Divide using synthetic division $$ ( x^{5}-2x^{4}+3x^{3}+4x^{2}+3x+3 ) \div ( x+1 ) $$
The synthetic division table is:
$$ \begin{array}{c|rrrrrr}-1&1&-2&3&4&3&3\\& & -1& 3& -6& 2& \color{black}{-5} \\ \hline &\color{blue}{1}&\color{blue}{-3}&\color{blue}{6}&\color{blue}{-2}&\color{blue}{5}&\color{orangered}{-2} \end{array} $$The solution is:
$$ \dfrac{ x^{5}-2x^{4}+3x^{3}+4x^{2}+3x+3 }{ x+1 } = \color{blue}{x^{4}-3x^{3}+6x^{2}-2x+5} \color{red}{~-~} \dfrac{ \color{red}{ 2 } }{ x+1 } $$Step 1 : Write down the coefficients of the dividend into division table. Put the zero from $ x + 1 = 0 $ ( $ x = \color{blue}{ -1 } $ ) at the left.
$$ \begin{array}{c|rrrrrr}\color{blue}{-1}&1&-2&3&4&3&3\\& & & & & & \\ \hline &&&&&& \end{array} $$Step 1 : Bring down the leading coefficient to the bottom row.
$$ \begin{array}{c|rrrrrr}-1&\color{orangered}{ 1 }&-2&3&4&3&3\\& & & & & & \\ \hline &\color{orangered}{1}&&&&& \end{array} $$Step 2 : Multiply by the number on the left, and carry the result into the next column: $ \color{blue}{ -1 } \cdot \color{blue}{ 1 } = \color{blue}{ -1 } $.
$$ \begin{array}{c|rrrrrr}\color{blue}{-1}&1&-2&3&4&3&3\\& & \color{blue}{-1} & & & & \\ \hline &\color{blue}{1}&&&&& \end{array} $$Step 3 : Add down last column: $ \color{orangered}{ -2 } + \color{orangered}{ \left( -1 \right) } = \color{orangered}{ -3 } $
$$ \begin{array}{c|rrrrrr}-1&1&\color{orangered}{ -2 }&3&4&3&3\\& & \color{orangered}{-1} & & & & \\ \hline &1&\color{orangered}{-3}&&&& \end{array} $$Step 4 : Multiply by the number on the left, and carry the result into the next column: $ \color{blue}{ -1 } \cdot \color{blue}{ \left( -3 \right) } = \color{blue}{ 3 } $.

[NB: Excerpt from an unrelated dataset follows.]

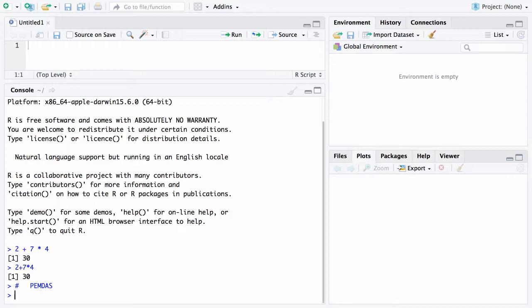This is the order or the precedence in which R will perform your operations. So when we had 2 plus 7 times 4 the first thing it did is it saw that multiply and it says the multiply has a higher priority than addition so it did the multiply first and then it added. Depending on where you went to school you might have also heard of this PEMDAS as please excuse my dear Aunt Sally and that's another way of remembering it.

$$ \begin{array}{c|rrrrrr}\color{blue}{-1}&1&-2&3&4&3&3\\& & -1& \color{blue}{3} & & & \\ \hline &1&\color{blue}{-3}&&&& \end{array} $$Step 5 : Add down last column: $ \color{orangered}{ 3 } + \color{orangered}{ 3 } = \color{orangered}{ 6 } $
$$ \begin{array}{c|rrrrrr}-1&1&-2&\color{orangered}{ 3 }&4&3&3\\& & -1& \color{orangered}{3} & & & \\ \hline &1&-3&\color{orangered}{6}&&& \end{array} $$Step 6 : Multiply by the number on the left, and carry the result into the next column: $ \color{blue}{ -1 } \cdot \color{blue}{ 6 } = \color{blue}{ -6 } $.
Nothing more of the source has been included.